Death Care Compliance Law

Death Care Compliance Law

Preneed: A Pandora's Box of Problems

William Stalter is the founder of Stalter Legal Services and the Preneed Resource Company. Bill focuses his law practice on preneed and death care compliance, serving banks, funeral homes, crematories, and cemeteries. He has written multiple published articles

NPS Trustees: Pre-acceptance Due Diligence

Posted in Compliance, Fiduciary, Missouri - SB1, NPS/Lincoln

The Office of the Comptroller of the Currency (the OCC) supervises the fiduciary activities of national chartered banks, and in February, updated the guidelines used by its examiners.  The “Personal Fiduciary Activities” booklet includes a section on pre-acceptance due diligence that fiduciaries should conduct before agreeing to serve as trustee for an account.  Page 7 of the attached excerpt describes due diligence procedures banks should incorporate into their policies.  The Special Deputy Receiver has argue that the NPS trustees failed to perform sufficient pre-acceptance due diligence before accepting those accounts, and therefore breached this duty to the preneed consumers and funeral homes.  The expert report of Professor Hanna suggests that the SDR’s arguments include that the banks were too small to handle a preneed trust, did not understand the requirements of Chapter 436, and did not discover either Doug Cassity’s fraud conviction or the Consent Decree between NPS and the State of Missouri.

Too Small to Play

A fiduciary can breach its duties to a trust beneficiary if it accepts an account for which it lacks the resources or personnel to properly administer the account.  The fiduciary must be able to assess its own capabilities to handle the account.  The pleadings suggest that the SDR has attempted to prove that NPR targeted smaller banks with promises to keep the administration simple and to give the bank an opportunity to win all of NPS’ banking business.

Failure to Comprehend

With special purpose trusts, the fiduciary has a duty to familiarize itself with all applicable state laws and determine its ability to comply with those laws.  The SDR has asserted that a crucial error committed by the defendant trustees in 1989 demonstrated their failure to understand Chapter 436.  Before accepting the NPS trusts, one trustee eliminated from the trust agreement the requirement that NPS provide individual account data.  NPS moved the trusts from UMB Bank when that trusee threatened to cutoff income distributions when such data was not forthcoming.  Subsequent trustees did not require individual contract data, and instead relied upon NPS instructions regarding distributions.

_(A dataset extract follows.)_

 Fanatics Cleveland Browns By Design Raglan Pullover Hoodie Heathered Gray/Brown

Don’t Get in Bed with the Devil

The OCC guidelines state that a fiduciary has a duty to investigate the trust and its assets.  The SDR has asserted that the trustees also had a duty to investigate the preneed seller, which would have disclosed the Cassity conviction and the NPS Consent Decree.   If such due diligence had been performed, the trustees would either have refused to accept the trust or implemented additional safeguards.

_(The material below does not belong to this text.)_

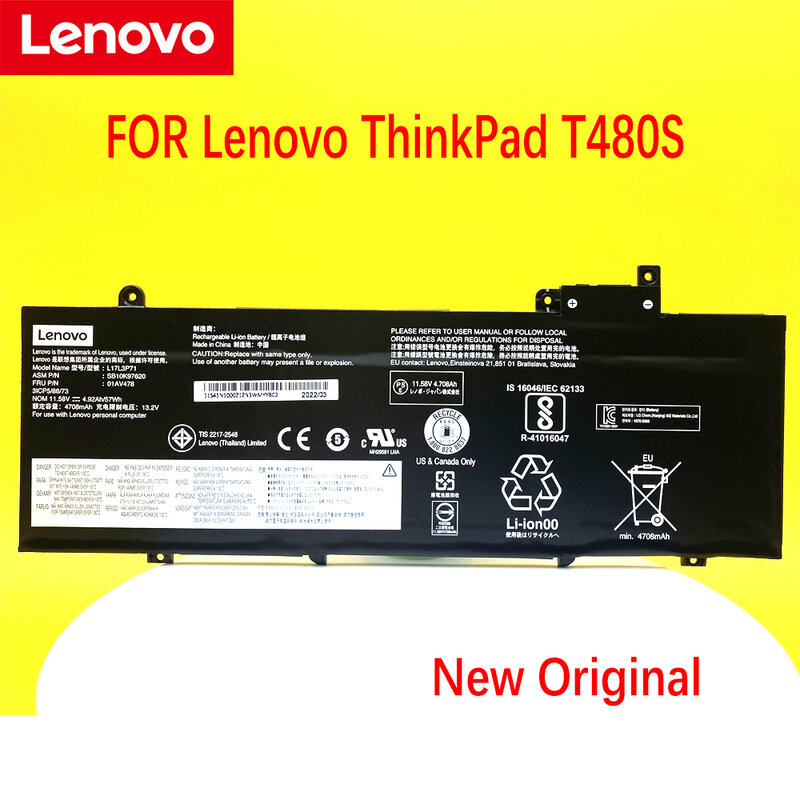 NOUVELLE Batterie D'origine pour Ordinateur Portable POUR Lenovo ThinkPad T480S Série 01AV478 SB10K97620 01AV479 01AV480 L17L3P71 L17M3P71 L17S3P71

Of these three arguments, the failure to comprehend Chapter 436 carries the greatest weight with this author.  While a small trust department may lack personnel and programming to provide investment or compliance services, those functions can be delegated.  The OCC guidelines recognize that a fiduciary may even have a duty to delegate functions when it lacks the necessary expertise.  That can be true even for the largest trust operations.  A trust department is more likely to breach a duty when it fails to comprehend what is required by applicable law that bank officers do not regularly interpret.

With respect to not getting in bed with the devil, the OCC guidelines do warn banks regarding reputation risk when agreeing to accept preneed funeral business.  However, OCC guidelines focus due diligence efforts on trust assets and administrative procedures, not so much on the trustor or an undisclosed party with ownership interests in the trustor.

Finding Fault with Chapter 436: The NPS Civil Trial

Posted in Fiduciary, Missouri - SB1, NPS/Lincoln

The NPS civil trial has completed its third week, and jurors probably face another four weeks of witness testimony.  First from the NPS receiver, and then from the defendant trustees, the jurors are hearing two very contrasting theories of what fiduciary duties were owed by the NPS trustees.   Up until a few weeks before the trial began, the defendant trustees defined their fiduciary duties as owed exclusively to the preneed seller (which for the most part was NPS).  But the court ruled in favor of the NPS receiver, and found that the consumers and funeral home providers were also trust beneficiaries, and therefore owed fiduciary duties.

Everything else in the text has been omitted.